Но Елизавета Маврикиевна не рассердилась на нее и так же спокойно стала не возражать, а требовать от нее. Это ваше дело после урока рассказывать им о постороннем, но на уроке вы должны строго придерживаться программы. Лида расплакалась и заявила, что она напишет письмо в Москву наркому. Письмо она, разумеется, не написала. Но отношения с заведующей у нее стали строго официальными. И на педагогических совещаниях Елизавета Маврикиевна всякий раз приводила в пример Лиде и другим педагогам Евохину, которая ничего не умела добавить к учебнику от себя. И скоро Лида поняла, что она требовала это потому, что у нее была педантичная, ограниченная душа, а не по злому умыслу, потому, что книгам она верила больше, чем людям, очевидно не подозревая, что человек умнее, душевнее и опытнее книги.

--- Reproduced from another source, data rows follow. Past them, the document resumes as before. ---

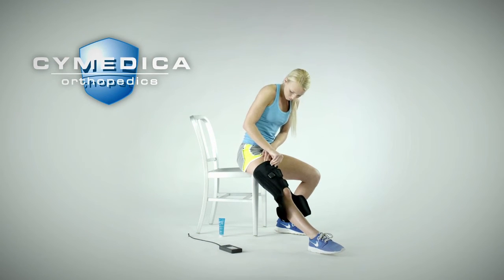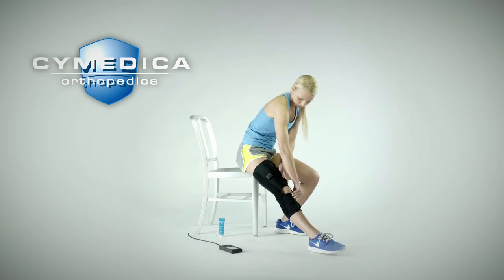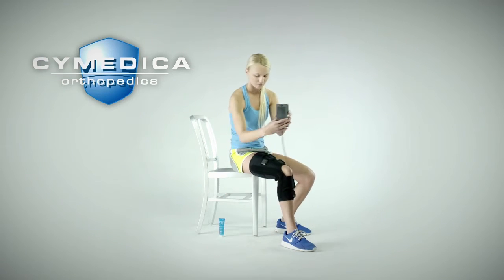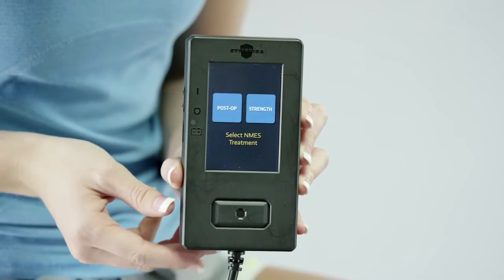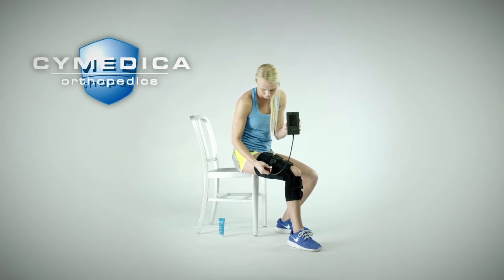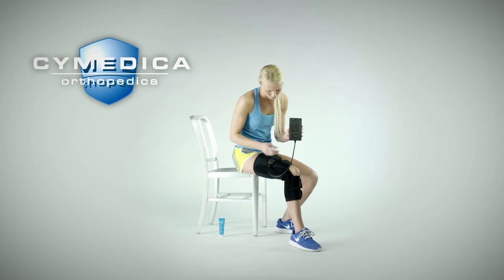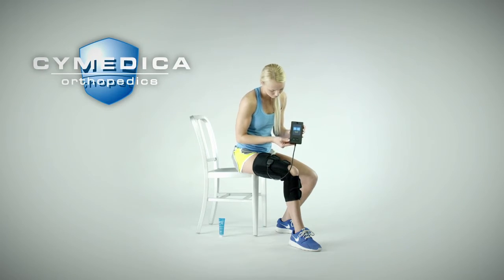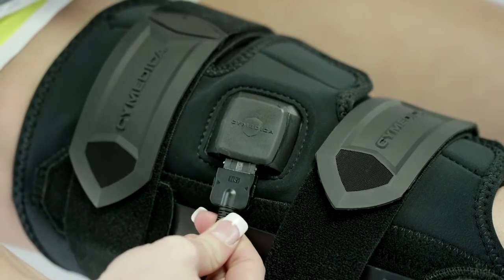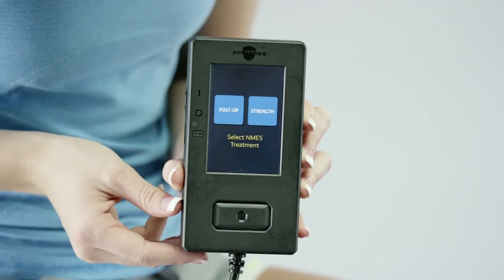While closing and tightening the conductive garment, verify the appropriate position of the electrodes and secure the strap ends to apply good compression to the knee and calf areas. Turn the power on to the user interface by sliding the on-off switch to the on position. The information button may be pressed to display the user interface hardware and software versions. The user interface screen will notify you to connect the user interface to an accessory. Attach the user interface cable to the conductive garment socket by aligning the logo on the connector and the logo on the garment socket. The user interface will display the available NMES treatments: post-op and strength.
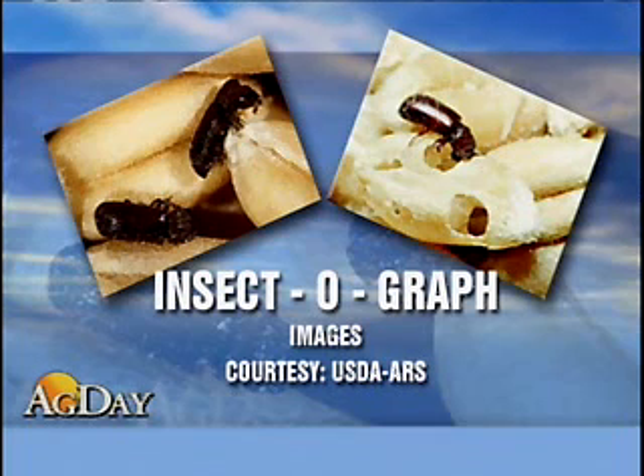The researchers say this system can detect low levels of infestations, such as 5 to 10 infested seeds out of 30,000 good seeds.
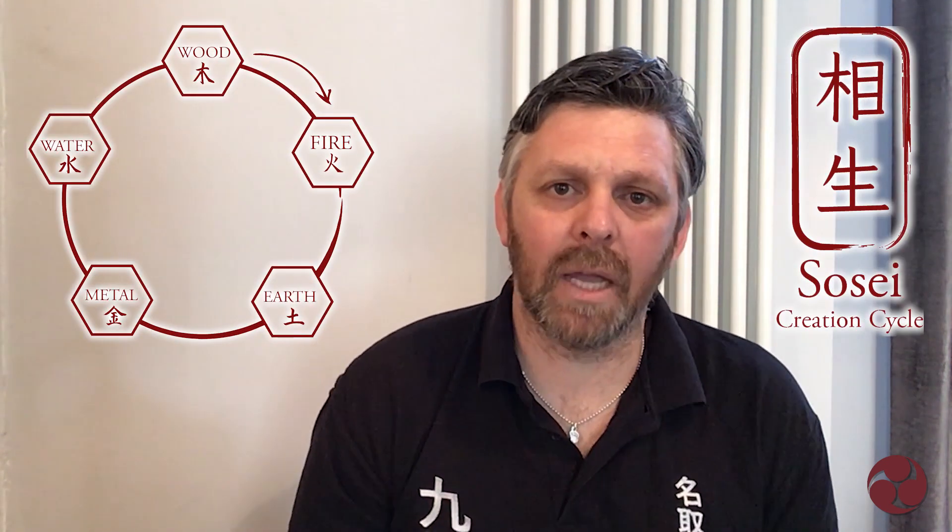I'm going to start looking at some of the cycles, which obviously include all five elements. The first one is the life cycle or creation cycle. There's an order to it — it's called a mutual generating cycle — and the cycle goes like this: it goes from wood to fire to fire to earth to earth to metal to metal to water.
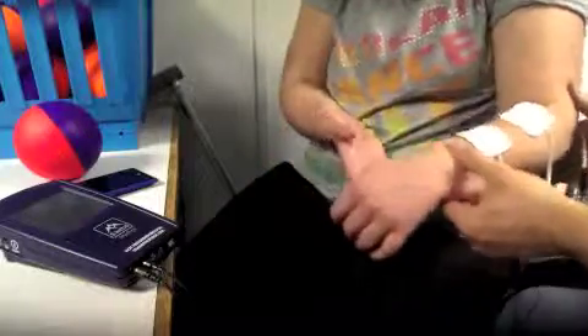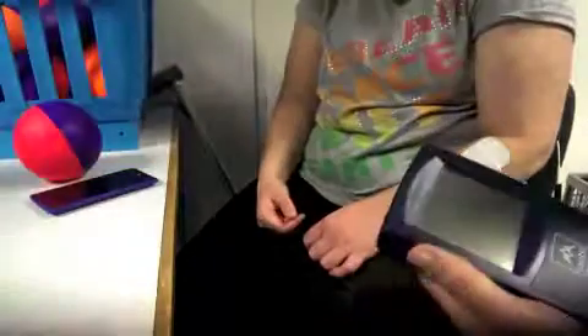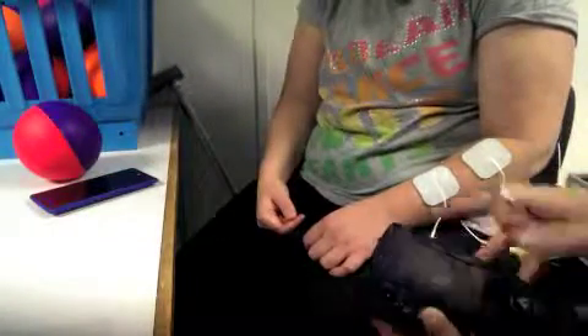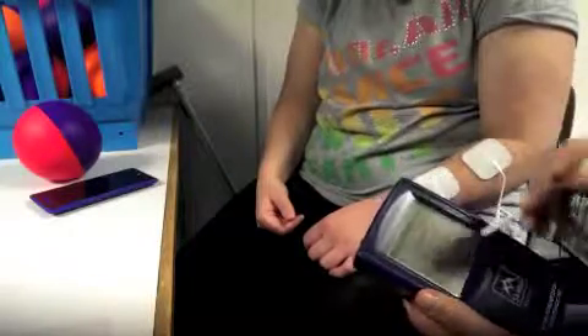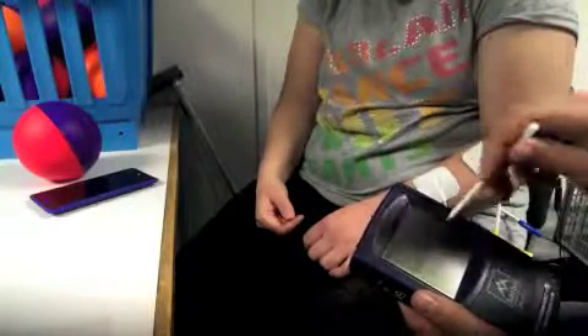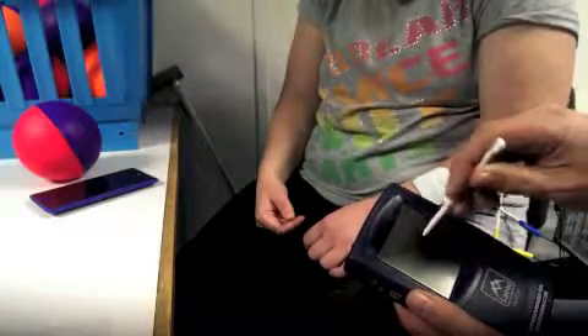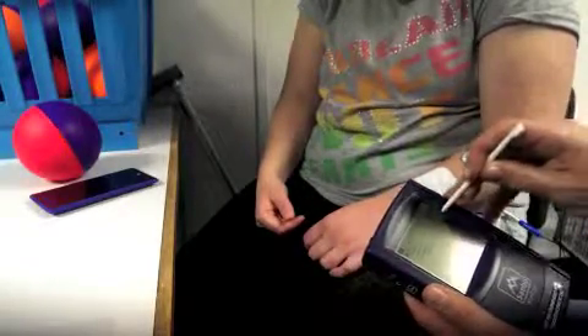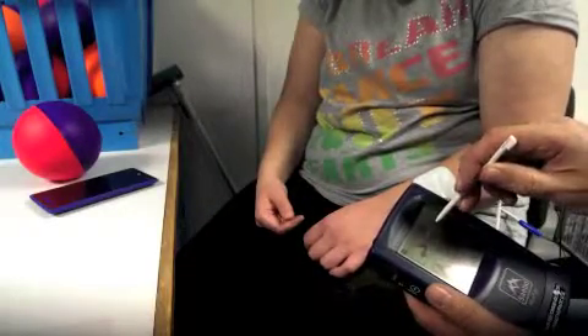Just before I put the Saberflex on, I'm going to check that I've got the correct position for the pads to get our extension. I've turned the Myotrack Infinity on, I'm going to press start, go into stim mode, just use a program, choose the arm, and go for strength.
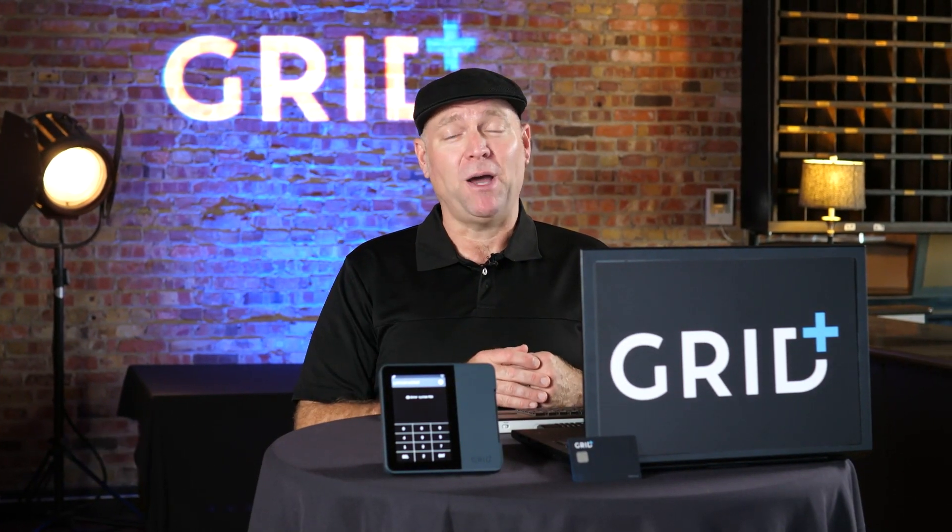That's it. For more information, please check out gridplus.io. Find us on Reddit, Twitter, and Discord. On behalf of the Grid Plus team, my name is Jeremiah Nickel. Cheers and big hugs from Kansas City.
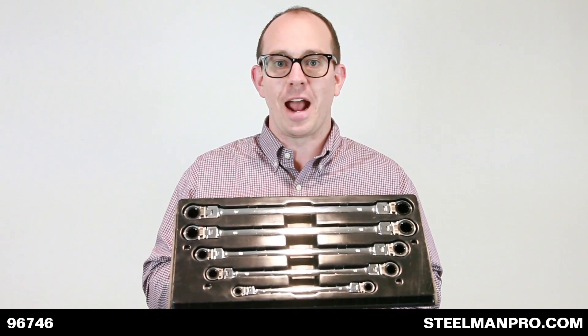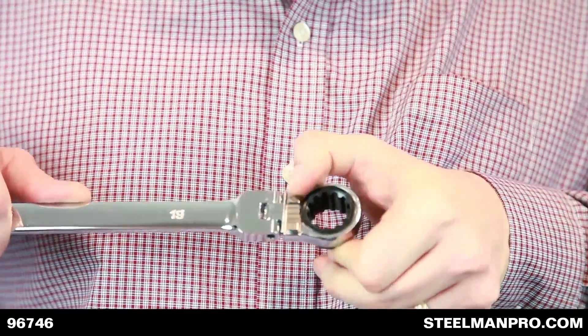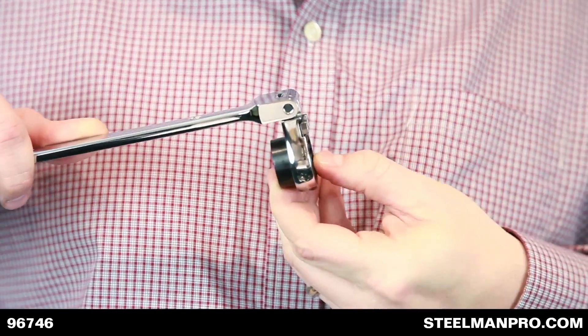Steelman Pro Deep Metric Double Box Spline Ratcheting Wrench Set. All wrenches feature 72 teeth and a reverse lever. In addition, they flex 180 degrees for ease of use.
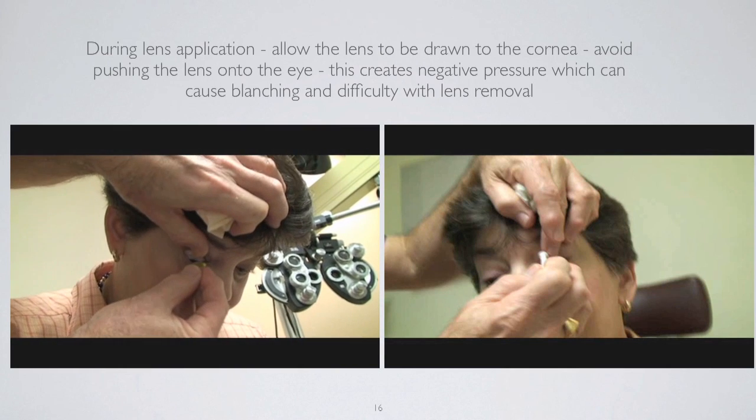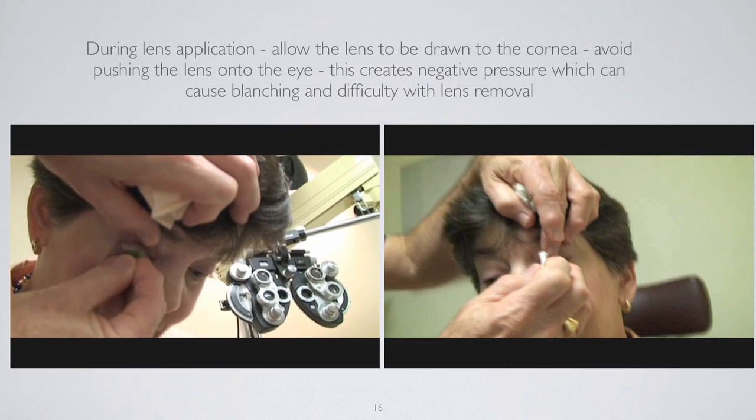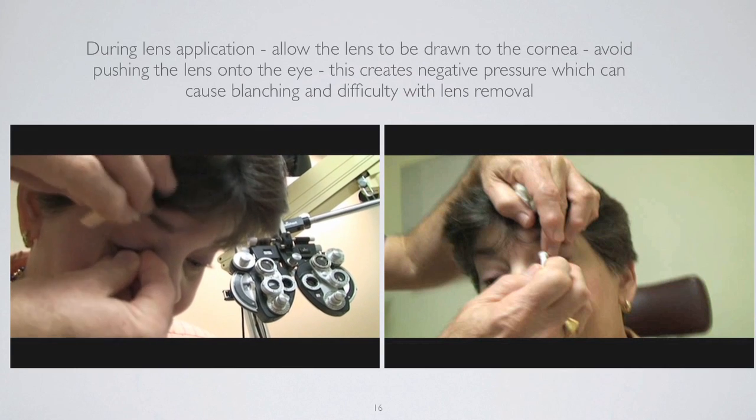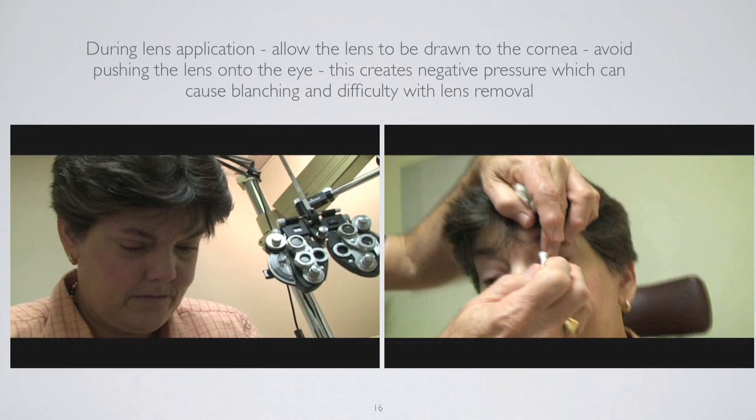I have the patient look directly down at the floor. I retract the upper and lower eyelids, and here I'm using the tripod method — my three fingers holding the lens. I place the lens on the eye. Because I have fluorescein, I always have a tissue with me to ensure that anything spilling over doesn't get on the patient's clothes. It might not be a bad idea to have the patient hold a paper towel in their lap, because you're going to get some excess fluid that comes out of the eye.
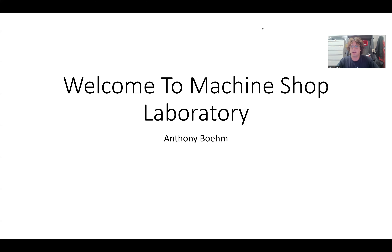All right, so let's get started. This is going to be an introductory video that will go over two presentations outlining basically what the class is and what the project is going to be. I'm Tony — my full name is Anthony Boehm. I don't have a PhD, so you can just call me Tony.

Лида посмотрела на горы. Небо над лесом, омытое прошедшим там дождем, блестело. За горами еще были видны горы, синие, сливавшиеся с лесом и далью. Лида любила далекое, любила окна, картины старых мастеров с уходящим в сумерки ландшафтом, книги, на каждой следующей странице которых должно случиться что-то внезапное, чудесное, от чего заранее становится душно и колотится сердце, где-то возле самого горла, как на верхушке стремительно и круто убегающей вниз горы.
Есть люди, которым не нужны глаза, и они, как слепой, гадавший в вагоне, трогают жизнь пальцами, и она кажется им бедной и шершавой, как терка. Им не нужны даль, горы, лес, ничего, кроме того, что можно потрогать руками. Как удивительно, что на каждом, самом простом, обыденном человеческом лице, на лице бухгалтера, как будто ни о чем не подозревающего, кроме своих цифр и балансов, на лице грубоголосой кассирши, выбивающей билеты на пригородный поезд, на каждом лице есть глаза, похожие на кусочки синеющего вдали леса. Надо думать, что всякая душа, даже душа педантичной Елизаветы Маврикиевны, включает в себя не только то, что рядом, но и горы, лес, со всеми пихтами, и все, что по ту сторону железнодорожного полотна. Несомненно, это так.
Неся тяжелое вымя, как-то боком шли по дороге коровы. Закат был малиновый, как тети-Дунино стеганое одеяло.
На скамейке перед своей избой сидел Парфен Иваныч с газетой. На носу у него были косые старые очки в никелированной оправе, и газету он держал от себя далеко, вытянув руки.
Лида смущенно поздоровалась и посмотрела на свои босые грязные ноги.
– Гитлеру-то и подштанники некогда переодеть, – сказал Парфен Иваныч и поглядел на Лиду поверх очков.
– А что?
– Гонят за Днепр.
Прижимая коленями ведро, тетя Дуня доила корову. Струи молока ударялись о дно ведра. Анфим, в военной форме, в хорошо начищенных сапогах, задумчиво стоял на крыльце.
– Завтра уезжаю, Лидия Николаевна, – сказал он негромко.
– Как? Уже совсем?
– Да.
Помолчал.
– Зайду вечером проститься. Ведь утром с коровами выйду в шесть ноль ноль. Вы, наверно, будете еще спать.
– Быстро как отпуск прошел. А?
– Да, лето здешнее коротенькое.
– Когда, интересно, встретимся, Анфим?
– А встретимся ли?
– Почему же нет?
– Мало ли почему? Ну хотя бы потому, что вы вернетесь в Ленинград, как только снимут совсем блокаду. А война ведь не через месяц кончится, Лидия Николаевна. Вот хотя бы потому.
Лида повесила серп. Вытерла нос Гале.